In 1775 we find Miss Lydia Languish's maid ransacking
the circulating libraries of Bath, and concealing under her
cloak
novels of sensibility and of fashionable scandal. Some twenty years
later, in the self-same city, Catherine Morland is "lost from all
worldly concerns of dressing or dinner over the pages of Udolpho,"
and Isabella Thorpe is collecting in her pocket- book the "horrid"

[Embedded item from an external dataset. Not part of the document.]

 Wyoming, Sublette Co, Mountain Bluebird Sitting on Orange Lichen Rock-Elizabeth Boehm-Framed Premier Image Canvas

titles of romances from the German.
In 1814, apparently, the vogue of the
sentimental, the scandalous, the mysterious, and the horrid still
persisted. Scott, in the introductory Chapter to Waverley ,
disrespectfully passes in review the modish novels, which, as it
proved, were doomed to be supplanted by the series of romances he
was then beginning: "Had I announced in my frontispiece,
'Waverley, A Tale of Other Days,' must not every novel reader have
anticipated a castle scarce less than that of Udolpho, of which the
eastern wing has been long uninhabited, and the keys either lost or
consigned to the care of some aged butler or housekeeper, whose
trembling steps about the middle of the second volume were doomed to
guide the hero or heroine to the ruinous precincts? Would not the
owl have shrieked and the cricket cried in my very title page? and
could it have been possible to me with a moderate attention to
decorum to introduce any scene more lively than might be produced by
the jocularity of a clownish but faithful valet or the garrulous
narrative of the heroine's fille-de-chambre, when rehearsing the
stories of blood and horror which she had heard in the servant's
hall? Again, had my title borne 'Waverley, a Romance from the
German,' what head so obtuse as not to image forth a profligate
abbot, an oppressive duke, a secret and mysterious association of
Rosycrucians and Illuminati, with all their properties of black
cowls, caverns, daggers, electrical machines, trap- doors and dark
lanterns? Or, if I had rather chosen to call my work, 'A Sentimental
Tale,' would it not have been a sufficient presage of a heroine with
a profusion of auburn hair, and a harp, the soft solace of her
solitary hours, which she fortunately always finds means of
transporting from castle to cottage, though she herself be sometimes
obliged to jump out of a two - pair - of - stairs window and is more
than once bewildered on her journey, alone and on foot, without any
guide but a blowsy peasant girl, whose jargon she can scarcely
understand? Or again, if my Waverley had been entitled 'A Tale of
the Times,' wouldst thou not, gentle reader, have demanded from me a
dashing sketch of the fashionable world, a few anecdotes of private
scandal ... a heroine from Grosvenor Square, and a hero from the
Barouche Club or the Four in Hand, with a set of subordinate
characters from the elegantes of Queen Anne Street, East, or the
dashing heroes of the Bow Street Office?"